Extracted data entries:

________________

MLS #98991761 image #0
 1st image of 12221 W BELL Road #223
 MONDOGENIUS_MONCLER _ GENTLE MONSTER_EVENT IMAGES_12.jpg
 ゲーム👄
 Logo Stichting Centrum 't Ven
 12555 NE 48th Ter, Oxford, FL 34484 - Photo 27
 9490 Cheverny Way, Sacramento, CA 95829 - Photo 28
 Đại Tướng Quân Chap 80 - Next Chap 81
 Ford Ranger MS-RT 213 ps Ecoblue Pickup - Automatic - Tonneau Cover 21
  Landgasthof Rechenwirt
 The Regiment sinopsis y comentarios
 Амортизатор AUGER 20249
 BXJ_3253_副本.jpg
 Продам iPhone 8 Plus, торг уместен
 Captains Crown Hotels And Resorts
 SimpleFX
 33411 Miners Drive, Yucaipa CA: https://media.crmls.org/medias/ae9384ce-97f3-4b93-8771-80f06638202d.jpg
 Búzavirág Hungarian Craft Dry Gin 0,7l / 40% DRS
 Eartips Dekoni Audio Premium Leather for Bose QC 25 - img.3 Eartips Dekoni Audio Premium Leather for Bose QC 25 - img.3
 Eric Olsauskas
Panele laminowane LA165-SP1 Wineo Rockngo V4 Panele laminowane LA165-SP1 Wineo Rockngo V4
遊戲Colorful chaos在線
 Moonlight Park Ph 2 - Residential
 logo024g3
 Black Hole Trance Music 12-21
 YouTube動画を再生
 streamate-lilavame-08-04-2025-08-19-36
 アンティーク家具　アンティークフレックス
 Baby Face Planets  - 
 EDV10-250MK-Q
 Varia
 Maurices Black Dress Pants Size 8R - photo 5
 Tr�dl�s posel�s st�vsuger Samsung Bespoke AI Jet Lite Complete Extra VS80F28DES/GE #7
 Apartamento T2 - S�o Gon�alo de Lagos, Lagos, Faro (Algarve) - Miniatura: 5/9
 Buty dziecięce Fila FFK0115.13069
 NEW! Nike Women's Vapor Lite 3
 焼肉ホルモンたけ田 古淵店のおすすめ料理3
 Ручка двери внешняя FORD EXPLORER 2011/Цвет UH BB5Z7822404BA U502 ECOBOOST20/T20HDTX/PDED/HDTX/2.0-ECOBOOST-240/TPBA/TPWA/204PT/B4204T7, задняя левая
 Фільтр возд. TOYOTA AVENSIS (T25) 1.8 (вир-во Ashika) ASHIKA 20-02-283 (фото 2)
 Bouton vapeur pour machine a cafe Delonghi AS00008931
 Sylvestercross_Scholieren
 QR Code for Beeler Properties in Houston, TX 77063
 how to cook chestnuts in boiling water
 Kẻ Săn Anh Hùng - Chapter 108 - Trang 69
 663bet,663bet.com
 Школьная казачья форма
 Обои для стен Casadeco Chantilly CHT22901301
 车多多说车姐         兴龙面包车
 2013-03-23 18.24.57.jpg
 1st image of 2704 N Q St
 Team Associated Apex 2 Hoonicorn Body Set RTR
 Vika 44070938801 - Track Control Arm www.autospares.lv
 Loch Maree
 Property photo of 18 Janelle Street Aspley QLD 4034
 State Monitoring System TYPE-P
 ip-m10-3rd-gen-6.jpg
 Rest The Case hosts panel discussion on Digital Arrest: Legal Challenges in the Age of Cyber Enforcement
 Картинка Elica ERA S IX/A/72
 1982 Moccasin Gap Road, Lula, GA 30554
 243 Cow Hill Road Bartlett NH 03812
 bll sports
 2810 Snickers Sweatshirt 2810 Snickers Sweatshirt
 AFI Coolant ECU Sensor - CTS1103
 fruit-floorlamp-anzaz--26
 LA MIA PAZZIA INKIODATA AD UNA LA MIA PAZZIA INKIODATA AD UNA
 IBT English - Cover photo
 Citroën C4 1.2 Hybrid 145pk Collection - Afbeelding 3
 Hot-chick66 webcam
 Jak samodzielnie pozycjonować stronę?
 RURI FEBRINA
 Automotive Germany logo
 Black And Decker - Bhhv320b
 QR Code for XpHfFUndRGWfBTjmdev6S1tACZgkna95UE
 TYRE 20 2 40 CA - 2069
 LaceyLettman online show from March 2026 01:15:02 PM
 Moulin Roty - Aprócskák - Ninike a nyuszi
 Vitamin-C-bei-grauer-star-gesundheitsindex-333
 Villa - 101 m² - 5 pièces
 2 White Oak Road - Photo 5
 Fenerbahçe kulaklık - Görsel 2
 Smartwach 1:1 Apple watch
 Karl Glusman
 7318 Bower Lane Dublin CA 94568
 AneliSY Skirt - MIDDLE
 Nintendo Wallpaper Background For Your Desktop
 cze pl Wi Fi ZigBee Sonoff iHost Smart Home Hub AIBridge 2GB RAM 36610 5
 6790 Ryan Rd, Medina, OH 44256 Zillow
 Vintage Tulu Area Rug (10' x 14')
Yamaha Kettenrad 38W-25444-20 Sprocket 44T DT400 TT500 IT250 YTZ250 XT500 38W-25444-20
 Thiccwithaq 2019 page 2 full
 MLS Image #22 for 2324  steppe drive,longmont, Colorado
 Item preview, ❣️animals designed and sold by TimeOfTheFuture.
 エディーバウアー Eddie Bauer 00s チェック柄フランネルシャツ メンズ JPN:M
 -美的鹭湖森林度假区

________________

[Directions]: Beginning at the top of the data, extract each line through the line containing "焼肉ホルモンたけ田 古淵店のおすすめ料理3" and return those lines exactly, with nothing added.

[Task response]:
MLS #98991761 image #0
 1st image of 12221 W BELL Road #223
 MONDOGENIUS_MONCLER _ GENTLE MONSTER_EVENT IMAGES_12.jpg
 ゲーム👄
 Logo Stichting Centrum 't Ven
 12555 NE 48th Ter, Oxford, FL 34484 - Photo 27
 9490 Cheverny Way, Sacramento, CA 95829 - Photo 28
 Đại Tướng Quân Chap 80 - Next Chap 81
 Ford Ranger MS-RT 213 ps Ecoblue Pickup - Automatic - Tonneau Cover 21
  Landgasthof Rechenwirt
 The Regiment sinopsis y comentarios
 Амортизатор AUGER 20249
 BXJ_3253_副本.jpg
 Продам iPhone 8 Plus, торг уместен
 Captains Crown Hotels And Resorts
 SimpleFX
 33411 Miners Drive, Yucaipa CA: https://media.crmls.org/medias/ae9384ce-97f3-4b93-8771-80f06638202d.jpg
 Búzavirág Hungarian Craft Dry Gin 0,7l / 40% DRS
 Eartips Dekoni Audio Premium Leather for Bose QC 25 - img.3 Eartips Dekoni Audio Premium Leather for Bose QC 25 - img.3
 Eric Olsauskas
Panele laminowane LA165-SP1 Wineo Rockngo V4 Panele laminowane LA165-SP1 Wineo Rockngo V4
遊戲Colorful chaos在線
 Moonlight Park Ph 2 - Residential
 logo024g3
 Black Hole Trance Music 12-21
 YouTube動画を再生
 streamate-lilavame-08-04-2025-08-19-36
 アンティーク家具　アンティークフレックス
 Baby Face Planets  - 
 EDV10-250MK-Q
 Varia
 Maurices Black Dress Pants Size 8R - photo 5
 Tr�dl�s posel�s st�vsuger Samsung Bespoke AI Jet Lite Complete Extra VS80F28DES/GE #7
 Apartamento T2 - S�o Gon�alo de Lagos, Lagos, Faro (Algarve) - Miniatura: 5/9
 Buty dziecięce Fila FFK0115.13069
 NEW! Nike Women's Vapor Lite 3
 焼肉ホルモンたけ田 古淵店のおすすめ料理3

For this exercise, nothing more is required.